Finalmente, uma nota pessoal vem a calhar nesta introdução a uma obra que, a despeito de sua concentração em temas estruturais de longa duração – como os processos econômicos, sociais e políticos que moldaram o Brasil contemporâneo –, pode vir a contribuir para o início de uma reavaliação isenta, e não mais passional ou partidarizada, do regime militar e seu papel no sistema econômico e político brasileiro contemporâneo. Quando o Embaixador Lincoln Gordon, e a própria Editora Senac, formularam, quase ao mesmo tempo, o convite para que eu escrevesse a introdução-apresentação à edição brasileira desta obra, pensei comigo mesmo: mas, justo eu, que em 1964 me encontrava do outro lado do muro?
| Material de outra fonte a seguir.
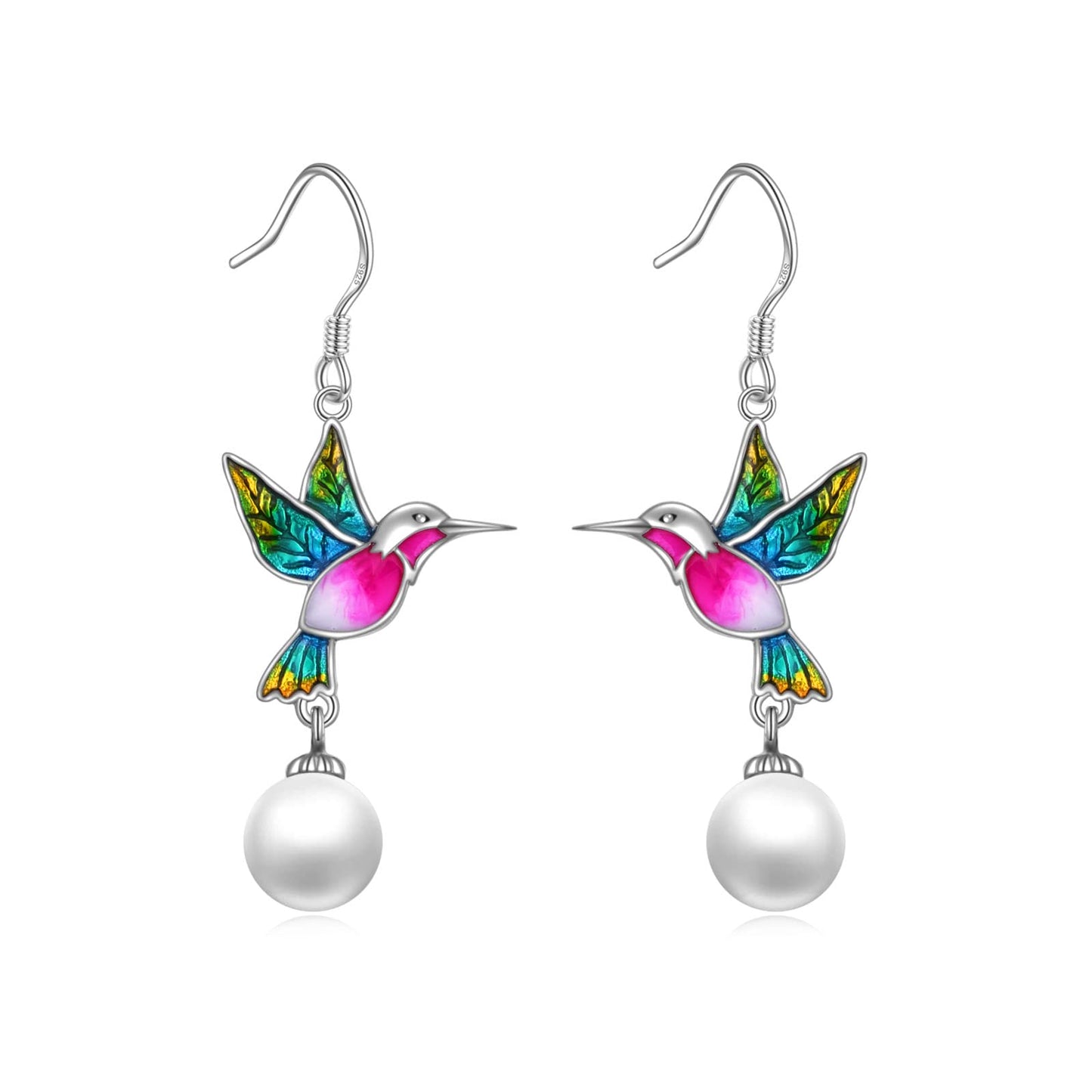 LUHE Pearl Earrings for Women Sterling Silver Celtic Pearl Earrings, Bee/Swan/Butterfly Pearl Earrings Valentine's Day Mother's Day Jewelry Gifts (Silver lapis lazuli earrings)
Com efeito, minha educação política se fez à sombra das chamadas “lutas democráticas” da república populista e na oposição ao golpe militar e pertenço a uma geração que se acostumou a gritar, desde as primeiras manifestações contra o novo regime, a conhecida frase de Otto Lara Resende: “Chega de intermediários, Lincoln Gordon para presidente!”. Pouco tempo depois, o tamanho dos cassetetes começou a aumentar, a repressão se fez mais dura e muitos de nós, com participação direta ou indireta na resistência armada (e, cabe aqui reconhecer, de certa forma responsáveis pelo endurecimento subsequente do regime), começamos a buscar o caminho do exílio.

Desde então o Brasil tem vivido politicamente dividido, se não mais do ponto de vista do funcionamento do seu sistema político – hoje amadurecido e que, finalmente, comporta poucos representantes que ainda “vivem” nos idos de 1964, como um Brizola, por exemplo – pelo menos do ponto de vista da produção historiográfica. Esta ainda exibe uma “muralha” ideológica e um maniqueismo político que continuam visíveis, sobretudo, nos livros didáticos. Uma obra como esta, trazendo o ponto de vista de um novo e sensato Mister Slang sobre um país tão diferente e no entanto ainda tão similar, em vários aspectos, àquele analisado no início do século XX por homens como Lobato, pode contribuir para diminuir o “fosso mental” entre opositores e partidários de um regime que já pertence à história do Brasil, tanto quanto o período varguista ou o processo de seu alegado “desmantelamento” a partir dos anos 90.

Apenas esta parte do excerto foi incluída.